My watch list
my.bionity.com  
Login  

A similarity distance of diversity measure for discriminating mesophilic and thermophilic proteins

The successful prediction of thermophilic proteins is useful for designing stable enzymes that are functional at high temperature. We have used the increment of diversity (ID), a novel amino acid composition-based similarity distance, in a 2-class K-nearest neighbor classifier to classify thermophilic and mesophilic proteins. And the KNN-ID classifier was successfully developed to predict the thermophilic proteins. Instead of extracting features from protein sequences as done previously, our approach was based on a diversity measure of symbol sequences.
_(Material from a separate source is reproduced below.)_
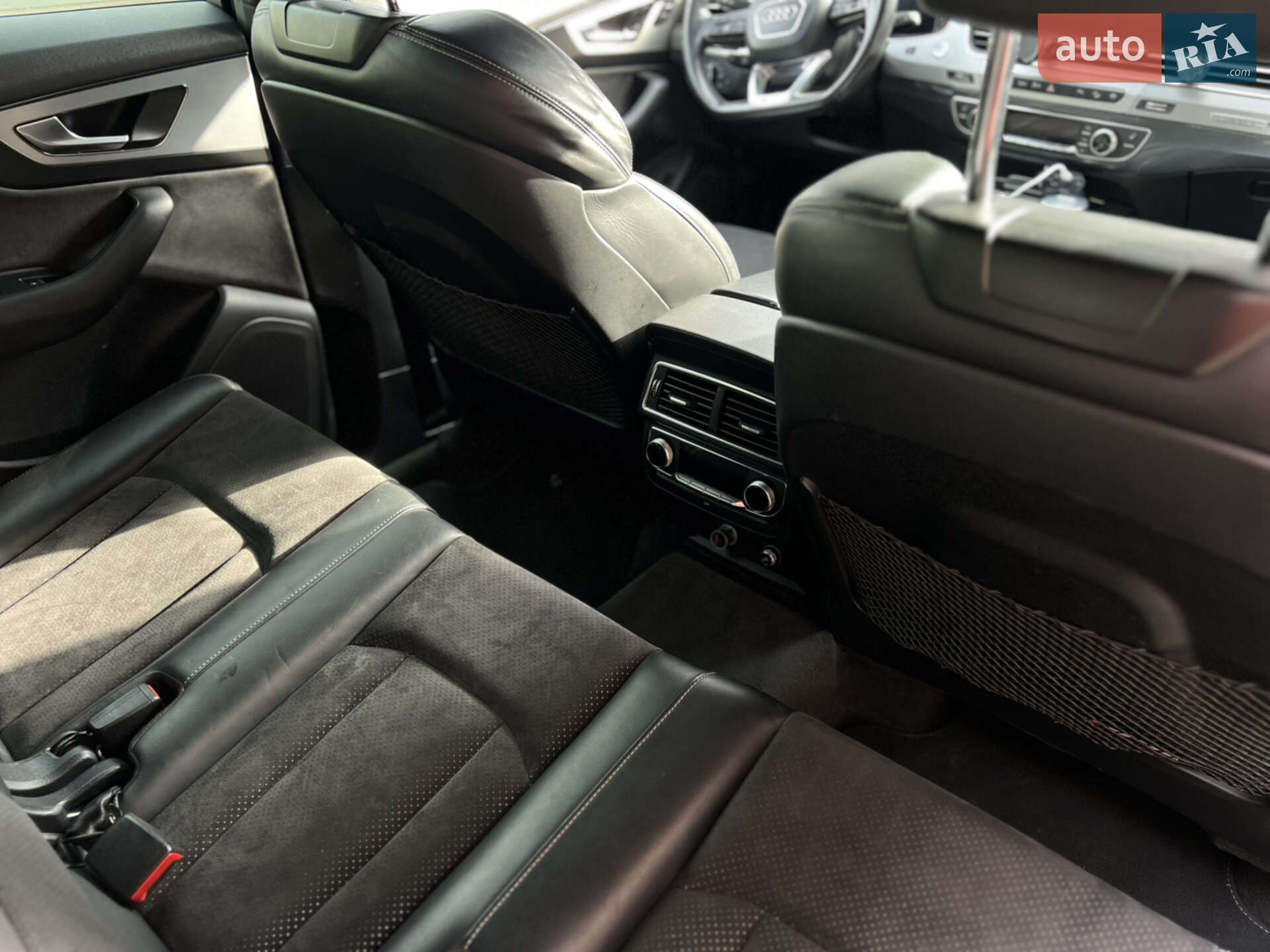 Audi Q7 2017 VIN WAUZZZ4M0JD013269 фото оголошення 15 з 19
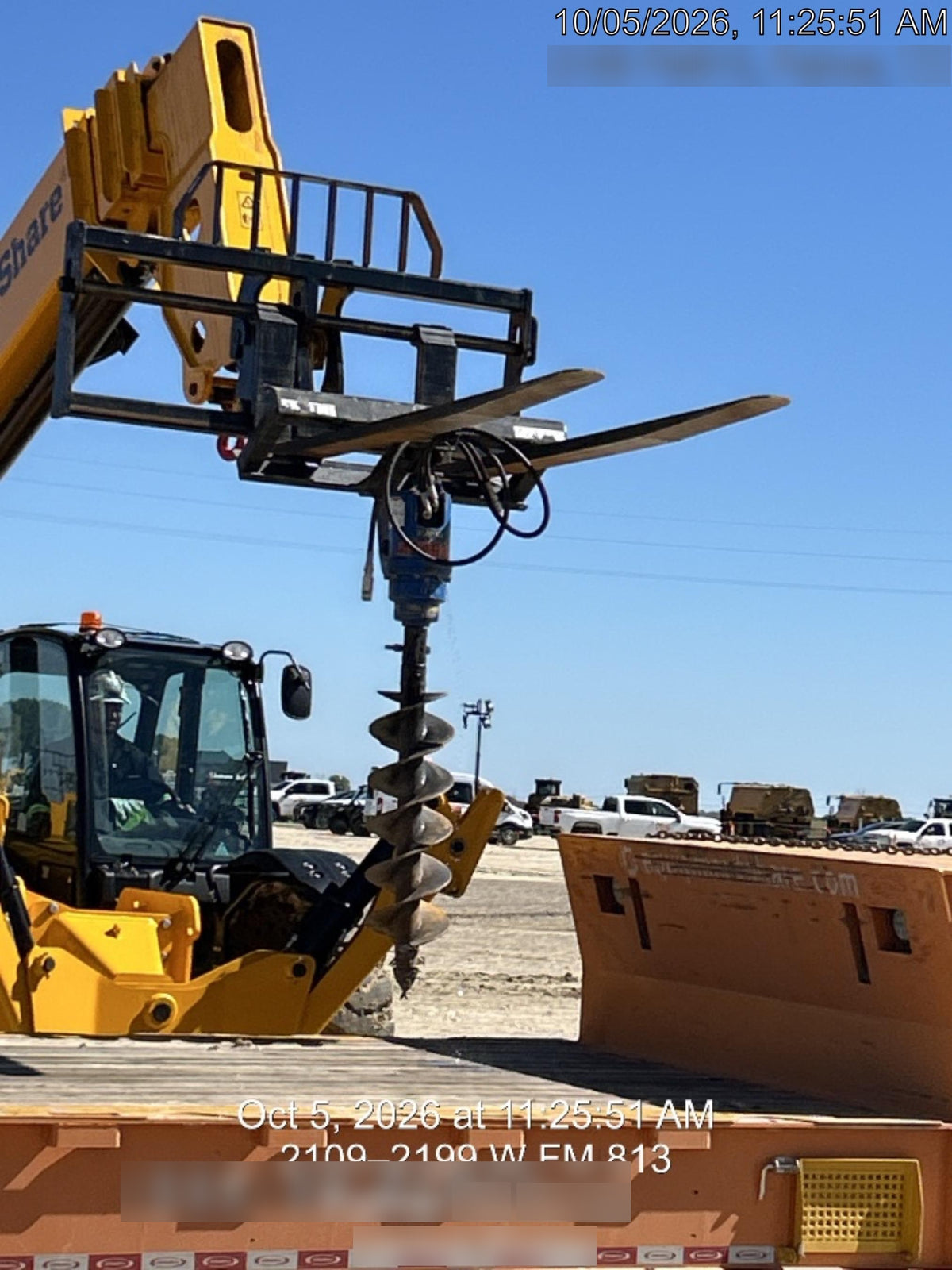 2024 AUGER TORQUE 3300-30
The similarity distance between each pair of protein sequences was first calculated to quantitatively measure the similarity level of one given sequence and the other. The query protein is then determined using the K-nearest neighbor algorithm. Comparisons with multiple recently published methods showed that the KNN-ID proposed in this study outperforms the other methods. The improved predictive performance indicated it is a simple and effective classifier for discriminating thermophilic and mesophilic proteins. At last, the influence of protein length and protein identity on prediction accuracy was discussed further. The prediction model and dataset used in this article can be freely downloaded from http://wlxy.imu.edu.cn/college/biostation/fuwu/KNN-ID/index.htm.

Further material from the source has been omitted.